Bárbara: Quando [uma criança] adentrou o portão do colégio, a responsabilidade por aquelas vidas lá são do colégio, então o colégio precisa saber quem são os alunos, precisa conhecer o que está se passando.

Acreditam que Justiça foi feita com a detenção do atirador, que ficará 3 anos internado?

Leonardo: Nós perdoamos o atirador no ponto de vista espiritual, nós liberamos perdão para ele, nós não vamos carregar este fardo para sempre, durante toda a minha vida, com esse peso, de ter essa mágoa no coração, eu não quero ter essa mágoa no coração. Então foi uma atitude que eu tomei, que minha família apoiou e também tomou, de perdoar. Mas existem consequências. Para tudo na vida o que você faz existe uma consequência. A consequência dele foi a lei dos homens, que é a pena. Eu acho que é uma pena branda por um crime Se tamanha proporção, de tirar a vida de duas crianças e ferir mais quatro crianças. são dois assassinatos e quatro tentativas de homicídio.

Bárbara: Porque preso na verdade ficamos nós, porque não temos mais a liberdade de conviver com nossos filhos. Nem a gente, nem a família do João Vitor e também a família da Isadora [outra aluna atingida pela atirador], que ficou paraplégica. Isso para nós, sim, é uma verdadeira prisão, pois é algo que transcende o limite de tempo. Não sabemos até quando a Isadora ficará dessa forma. Mas existe a Justiça dos homens e tem sido a Justiça que nós temos procurado. Ficando provado negligência, nós vamos atrás dos responsáveis, sim.

Desde a tragédia vocês tentam passar uma mensagem a outros pais. Que mensagem é essa?

Leonardo: Eu acredito que há um propósito nisso tudo, e a gente… Eu sempre falo para a Bárbara: nós não vamos parar, nós não vamos nos calar. Eu quero passar para outros pais que eles podem ter uma vida diferente com os filhos, que eles podem ser diferentes com os filhos, eles podem ter uma relação de amizade, de amor, de carinho, de respeito, porque a gente achava que o filho obediente era o filho com grau altíssimo, era o filho mais top de linha, mas não, a gente descobre que o filho responsável é o top de linha. É aquele que sabe tomar decisão diante de situações onde eu não estou presente, onde meu olho não vai.

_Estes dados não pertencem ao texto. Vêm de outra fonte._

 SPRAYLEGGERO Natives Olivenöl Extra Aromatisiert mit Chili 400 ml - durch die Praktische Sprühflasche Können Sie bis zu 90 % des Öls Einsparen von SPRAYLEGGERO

O filho responsável hoje é o que os pais devem buscar.

Os pais têm de se voltar hoje para a família, têm de se voltar para os filhos e sempre estar de olho nos filhos, sempre olhar os filhos com aquele olhar diferenciado, porque esse garoto, esse atirador, estava gritando por atenção, ele estava passando por problemas e ninguém viu isso, a família não viu isso, a escola não viu isso.

Bárbara: A bandeira que a gente levanta hoje é que nosso filho não morreu em vão. Isso que tem acontecido é para mostrar o quanto é necessário que os pais se voltem para os filhos. Até porque ter filho é opcional, mas, quando se tem, você colocou no mundo, você precisa criar, precisa educar. Pois não é só seu mundinho dentro de casa que vai sofrer, é toda uma sociedade.

OUTRO LADO

Procurada pelo BuzzFeed News, a advogada Rosângela Magalhães de Almeida, que defende o adolescente autor dos disparos, disse desconhecer tentativas de suicídio por parte do garoto.

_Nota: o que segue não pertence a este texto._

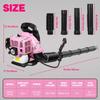 52CC 2-Stroke Backpack Gas Leaf Blower, Gas Powered Snow Blower, 550 CFM Powerful Clearing Tool for Lawn Care Yard Dust Debris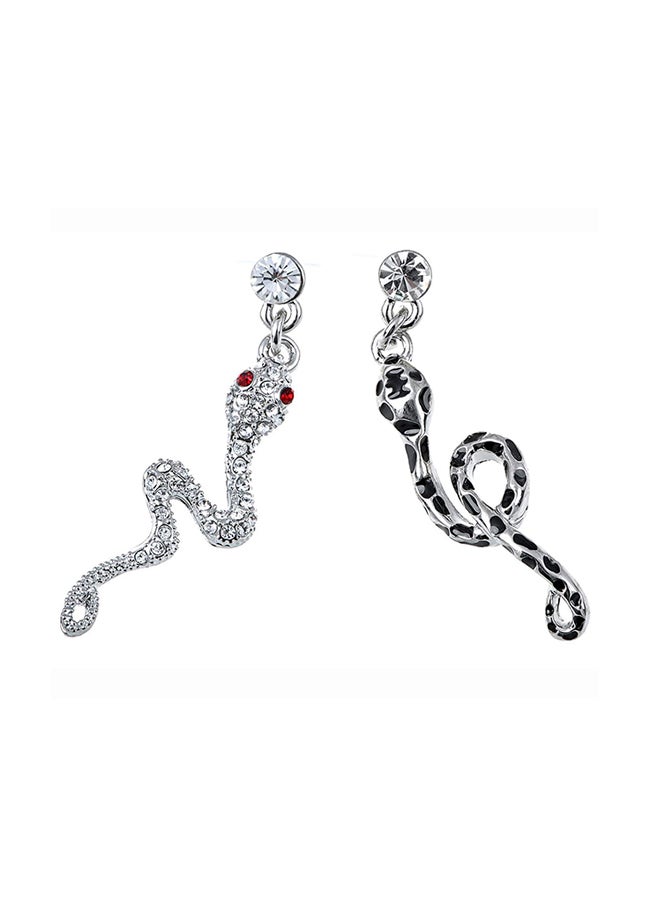 Alilang Snakes Drop Earrings With Swarovski 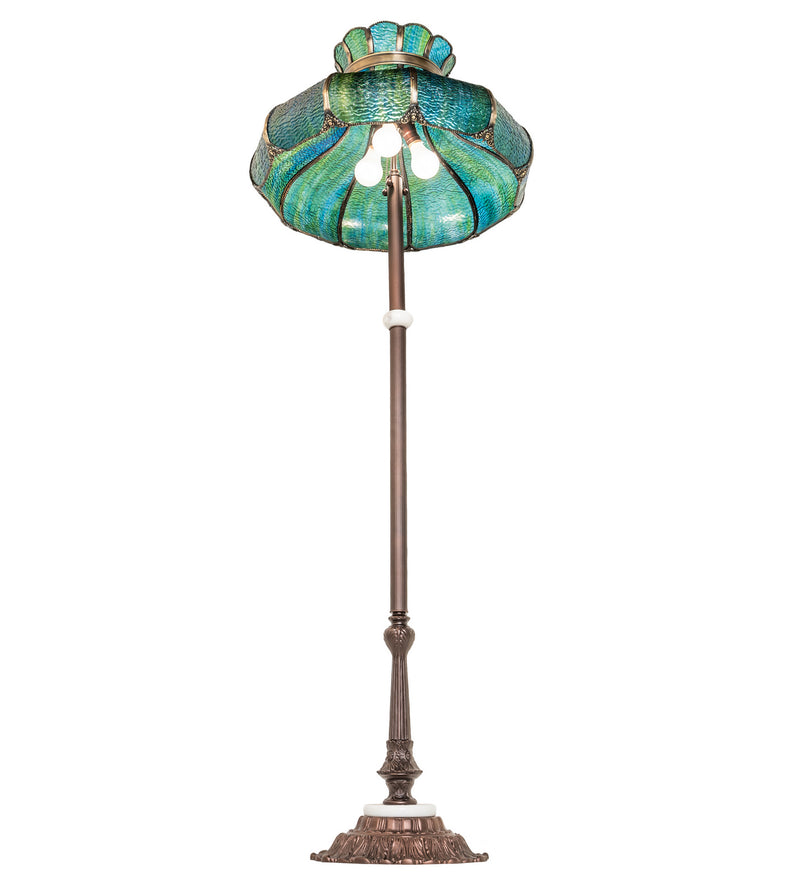 Meyda Tiffany 250203 Three Light Floor Lamp, Mahogany Bronze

Em relação ao nazismo, ela disse que o adolescente é um estudioso da Primeira e da Segunda Guerra Mundial e que se informa sobre vários regimes antigos, entre eles o de Adolf Hitler.

Disse ainda que o garoto já chegou a desenhar suásticas numa prova e na cadeira que usava no colégio, mas que, na opinião dela, o adolescente fez isso mais como forma de impressionar colegas do que por compartilhar de ideias racistas.